国民全員に1億円配るとどうなるのか?
こんなツイートが話題になっていました。では実際に1億円配るとどうなるのか、シミュレーションしてみようと思います。
1. モデル
シミュレーションには、こちらのモデルを使います。
このモデルは、政府支出伸び率と名目GDP成長率との間にある強い相関の謎を解明するために作成したものです。詳しくはリンク先のスライドをご覧ください。(※まだまだ発展途上のモデルのため、今回のシミュレーションはかなり大ざっぱなものです。)
2. 1億円給付シミュレーション
最初の政府債務残高を1000兆円とします(現実の日本もこれぐらいです)。国民が1億人いるとすると、1人1億円給付に必要なお金は約1京円になります。1年目はまだ税収が増えないとすると、政府債務残高は約11倍になります。上記のモデルでは、この時、名目GDPもおよそ11倍になると考えます。名目成長率にして、約1000%になります。
名目GDPが11倍といっても、1年で生産が11倍になることはあり得ません。そのため、この名目GDPの伸びは、ほとんどがインフレ(物価上昇)に消えてしまうと考えられます。ということで、物価もおおよそ11倍になることが予測できます。
ただし、1億円給付後に多くの人が一気にお金を使うと考えられるため、経済活動が過熱することで、更なる物価上昇となる可能性もあります。他方で、累進課税の効果によって税収が増え、結果的に名目成長や物価上昇を抑制する可能性もあります。
3. 1000万円給付シミュレーション
では、1000万円給付ならどうでしょうか。
名目成長率は約100%(GDP2倍)となりました。インフレ率もおおよそ100%(物価2倍)となると予測できます。
4. 100万円給付シミュレーション
もう少し現実的に、100万円給付の場合はどうでしょうか。
名目成長率12%(GDP1.12倍)となりました。これぐらいの名目成長率であれば、生産量の増加(実質成長)もある程度は追いつくと思われます。
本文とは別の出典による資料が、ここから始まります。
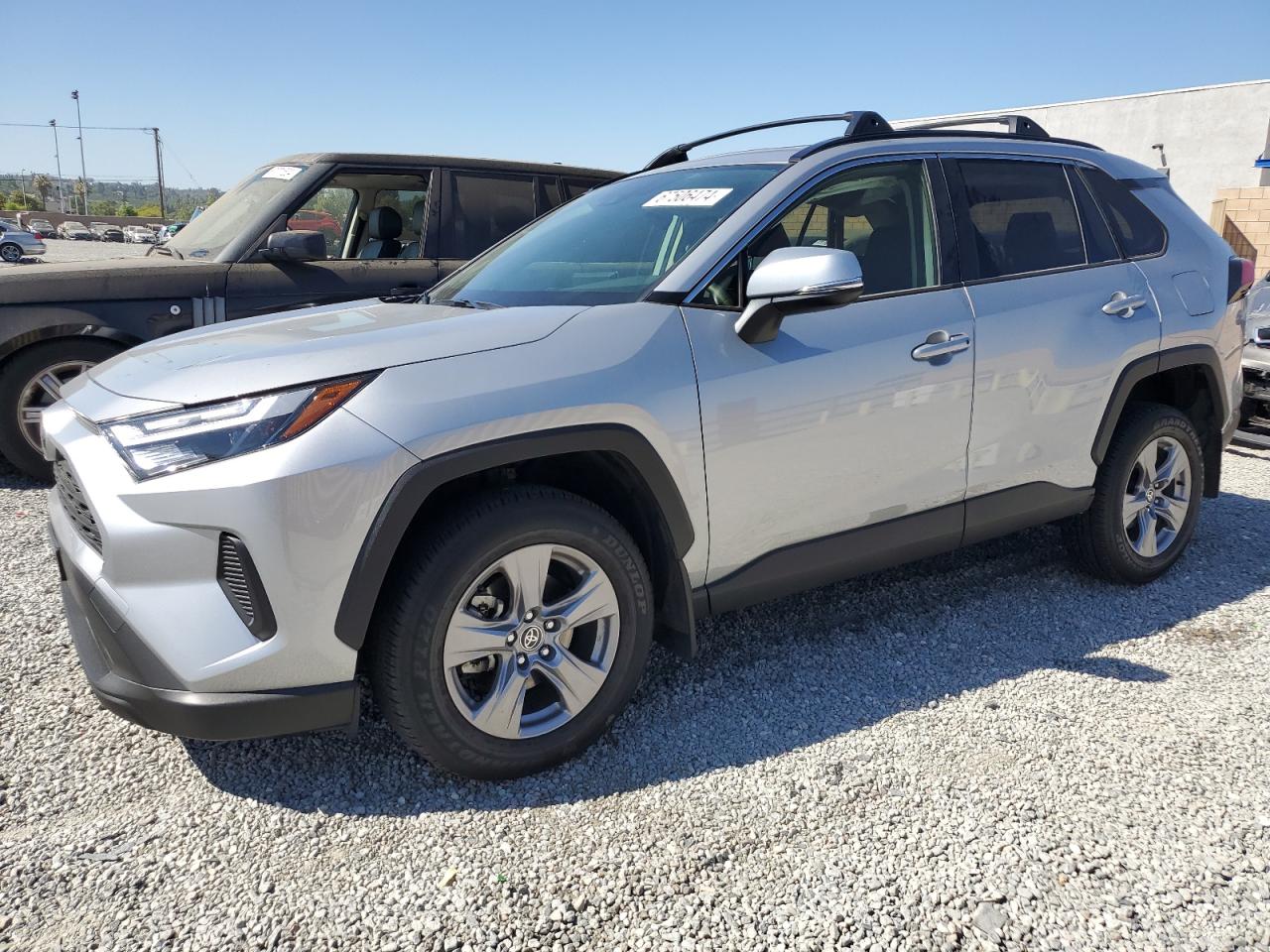 TOYOTA RAV4 XLE 2023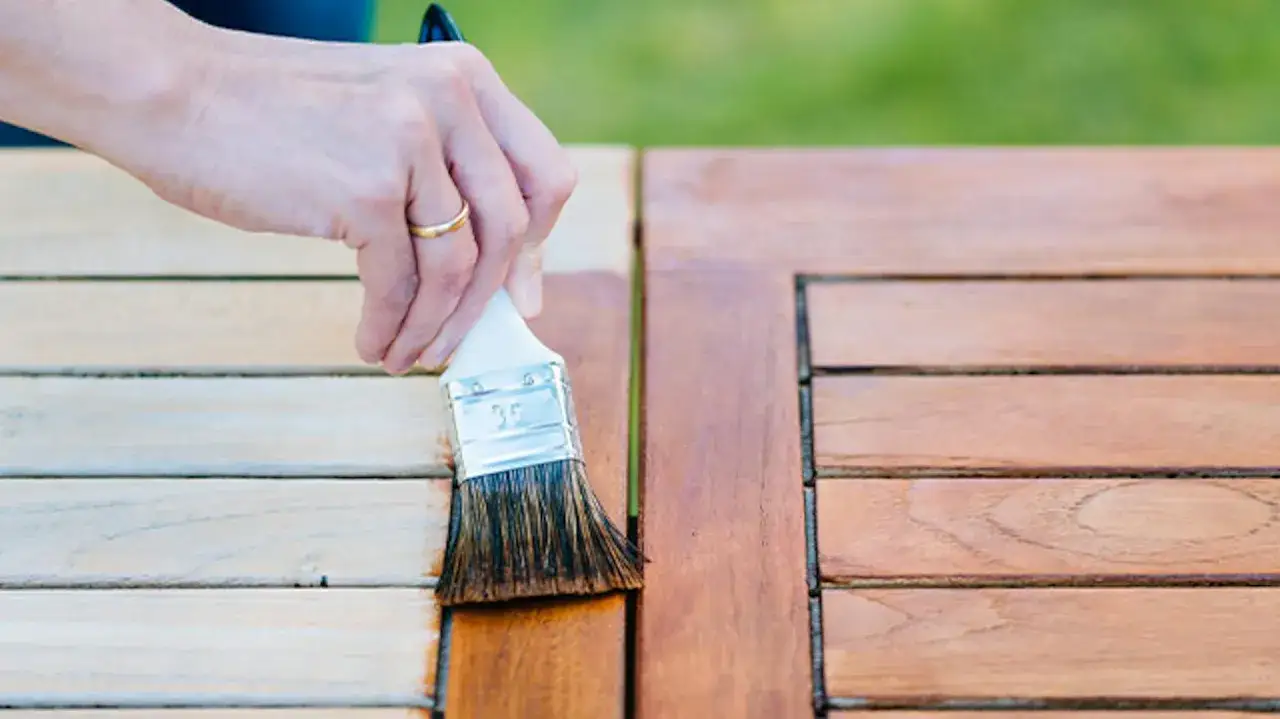 Malowanie stołu sosnowego na zewnątrz. Dowiedz się, czym zabezpieczyć drewno sosnowe na zewnątrz, by służyło latami.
インフレ率は6~10%程度に収まるのではないでしょうか(※実質成長についてはまだモデルに盛り込めていないため、これはモデルに基づかない推測です)。
5. 結論
当然ですが、さすがに1億円給付はデメリットの方が大きいのではないかと思います。1000万円だとかなり現実的ではなりますが、やはり物価2倍となると混乱は大きそうです。100万円給付なら、十分実現可能といっていいのではないでしょうか。